Pengamat pajak dari Center for Indonesia Taxation Analysis (CITA) Fajry Akbar mengungkapkan bahwa sebagian besar saran IMF masuk akal dan cukup bagus untuk menambah kas negara.
“Kami menyetujui sebagian besar namun untuk implementasi tentu ada banyak hambatan. Dalam UU HPP ada beberapa poin yang lebih baik dibandingkan saran IMF seperti instrumen pencegahan penghindaran pajak,” ujarnya, Minggu (11/8/2024).
Hambatan yang kerap ditemui, baik politik maupun ego sektoral antarkementerian. Terlebih jika implementasi tersebut harus mengubah regulasi undang-undang.
Di sisi lain, Fajry justru menyoroti saran IMF yang belum menyentuh sama sekali tantangan digitalisasi ekonomi.
Melihat kondisi saat ini, IMF juga belum menyentuh sama sekali bagaimana pajak mengatasi tantangan ekonomi informal alias maraknya shadow economy. Padahal, tantangan digitalisasi dan ekonomi informal akan semakin relevan ke depannya.
Lebih lanjut, salah satu saran IMF yakni penambahan barang kena cukai (BKC). Nyatanya, ekstensifikasi cukai saat ini masih mandek untuk plastik dan MBDK.
“Padahal harusnya ekstensifikasi menjadi kebijakan yang low hanging fruit namun ada ego sektoral yang menyebabkan implementasi kebijakan ini tak pernah jalan,” jelasnya.
Sedangkan saran terkait implementasi alternative minimum tax (AMT), meski batal disahkan dalam pembahasan UU HPP, pemerintah tetap berhasil mengesahkan jenis instrumen “anti tax avoidance” yang lain. Namun, sampai sekarang aturan turunannya belum juga keluar.
Senada, Direktur Eksekutif Pratama-Kreston Tax Research Institute Prianto Budi Saptono juga menilai pemerintah dapat menjalankan saran-saran dari lembaga internasional tersebut.
“Sebetulnya pemerintah mampu menjalankan saran tersebut. Akan tetapi, pemerintah perlu melihat sisi lainnya yang kontra dengan saran,” tuturnya.
Masalahnya, setiap kebijakan yang muncul bersifat ambivalensi atau menimbulkan pro dan kontra.
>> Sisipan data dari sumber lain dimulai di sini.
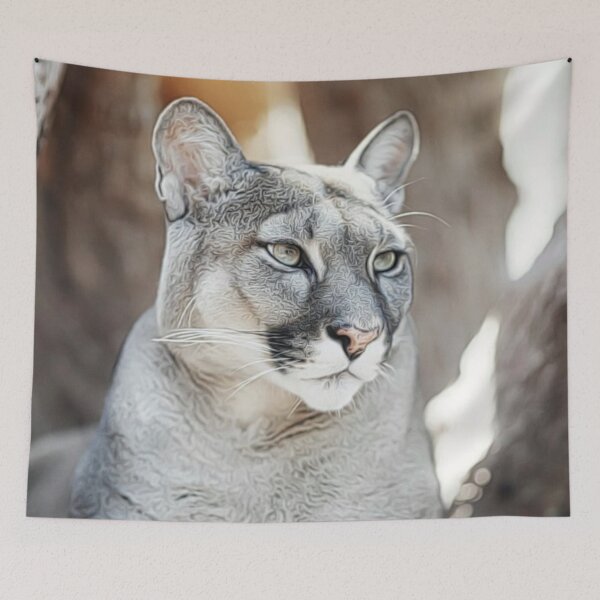 Item preview, Cougar Portrait designed and sold by HappyLifeCreate.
Untuk itu, pemerintah perlu menimbang saran dari IMF. Menjalankan semua saran IMF tanpa modifikasi kebijakan, menjalankan saran IMF dengan modifikasi kebijakan, atau tidak menjalankan saran IMF tersebut.
Dari sisi pemerintah, dalam hal ini Staf Ahli Menteri Keuangan Bidang Kepatuhan Pajak Yon Arsal enggan memberikan komentar terkait saran maupun rekomendasi dari lembaga internasional tersebut.